Now at this time Polycrates had not yet attained to the hei
ght of his power, and he was enriching himself by extorting money from his wealthy subjects and even by confiscating their goods with slight excuse. Therefore many writers have asserted that Pythagoras fled from Samos to escape from the tyrant’s grasping hands, but this is a senseless story, since he was then but a boy and his father and mother remained in Samos and lived in riches for more than twenty years after his departure. It seems to me much more probable that Polycrates had made a law, as many modern despots have done, forbidding young men to leave their country until they had performed some stated service; and that Pythagoras was in such haste to increase his knowledge that he would not abide the ordained time. So he fled secretly by night with his teacher Hermodamas, who afterwards came back alone and appears to have suffered no penalty. It is very clear that Pythagoras feared pursuit and capture; for though Samos is close to the mainland, and not far from Miletus, where both Anaximander and Thales, or Theletas, as he is sometimes called, were famous philosophers, yet the young man preferred to sail all the way to Lesbos, far to northward, where at that time he was safe from the messengers of Polycrates. There he dwelt with an uncle, a brother of his father, and was taught by Pherecydes for some time; but when he had learned of him what he could, he journeyed southward by land to Miletus, and sat down beside the ancient Thales and began to be initiated into the secret wisdom of the priests.
The mysteries of the ancients were the truth, or the nearest approach to it then possible, as contrasted with the vast fictions of mythology in which the peoples believed. Without an exception, all the mysteries taught of a god who had died and had been buried on earth, and who had returned to life again in glory; most of them foretold a judgment of souls, and all looked forward to a future state, either as following directly upon death, or as the end of a series of migrations, in which the soul passed from one body to another, purifying itself by degrees, or sinking by steps of defilement to final perdition. All the mysteries were ultimately monotheistic in idea, though the one god of the secret faith was considered as containing two, three, or four principles in himself, according to the ethic and psychic schemes adopted by the initiated of different nations.

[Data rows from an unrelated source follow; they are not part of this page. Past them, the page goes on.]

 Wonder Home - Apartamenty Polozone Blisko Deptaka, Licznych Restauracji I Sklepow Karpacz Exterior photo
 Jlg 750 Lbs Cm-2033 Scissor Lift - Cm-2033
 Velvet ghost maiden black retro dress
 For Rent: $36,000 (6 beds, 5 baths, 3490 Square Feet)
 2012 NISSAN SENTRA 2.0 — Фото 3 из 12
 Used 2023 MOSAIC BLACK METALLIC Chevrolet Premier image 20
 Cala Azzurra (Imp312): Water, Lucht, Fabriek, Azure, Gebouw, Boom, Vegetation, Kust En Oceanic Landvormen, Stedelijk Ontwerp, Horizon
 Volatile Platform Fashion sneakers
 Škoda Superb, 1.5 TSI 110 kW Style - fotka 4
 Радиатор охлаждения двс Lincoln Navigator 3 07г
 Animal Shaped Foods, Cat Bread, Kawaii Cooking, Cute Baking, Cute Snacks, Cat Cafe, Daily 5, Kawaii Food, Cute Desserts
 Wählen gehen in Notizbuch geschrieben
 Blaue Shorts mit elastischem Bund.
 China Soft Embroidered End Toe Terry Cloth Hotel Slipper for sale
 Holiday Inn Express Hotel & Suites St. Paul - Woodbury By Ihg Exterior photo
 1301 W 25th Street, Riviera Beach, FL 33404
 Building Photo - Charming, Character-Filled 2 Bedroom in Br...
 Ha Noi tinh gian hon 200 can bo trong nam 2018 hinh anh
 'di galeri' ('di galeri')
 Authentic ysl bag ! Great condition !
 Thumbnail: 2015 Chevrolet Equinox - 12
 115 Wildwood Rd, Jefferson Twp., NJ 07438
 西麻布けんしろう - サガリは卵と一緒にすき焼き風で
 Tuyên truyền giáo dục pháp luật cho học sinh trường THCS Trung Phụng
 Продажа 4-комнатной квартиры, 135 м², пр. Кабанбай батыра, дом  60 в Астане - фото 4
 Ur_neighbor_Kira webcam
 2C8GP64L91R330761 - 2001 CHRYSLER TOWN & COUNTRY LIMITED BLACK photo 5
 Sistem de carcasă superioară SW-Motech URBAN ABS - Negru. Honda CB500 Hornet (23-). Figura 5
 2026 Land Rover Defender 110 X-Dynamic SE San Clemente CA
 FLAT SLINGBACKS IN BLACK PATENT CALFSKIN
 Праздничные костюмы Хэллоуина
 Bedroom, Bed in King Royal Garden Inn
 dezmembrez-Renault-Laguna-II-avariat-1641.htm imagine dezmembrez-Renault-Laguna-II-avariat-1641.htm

The early philosophers were all priests and mystics, most of them were poets, in the sense that they wrote down their thoughts in verse, and all were seekers after knowledge. The highest development, both of mysticism and of scientific inquiry, was considered to have been reached in Egypt, though it has been thought that the Magians of Assyria were better mathematicians than the Egyptian priests, and that the Chaldaeans were as good astronomers.
The true faith of those times was a profound secret in the hands of small communities of amazingly gifted men. It could never be popular, for the comprehension required to understand it was far beyond the gifts of the masses, and the consequence was that although initiation into the mysteries was not the exclusive privilege of the aristocratic class, it was nevertheless very closely associated with an aristocratic principle in the minds of the many, a fact which afterwards led directly to the violent destruction of the Pythagorean brotherhoods in Italy.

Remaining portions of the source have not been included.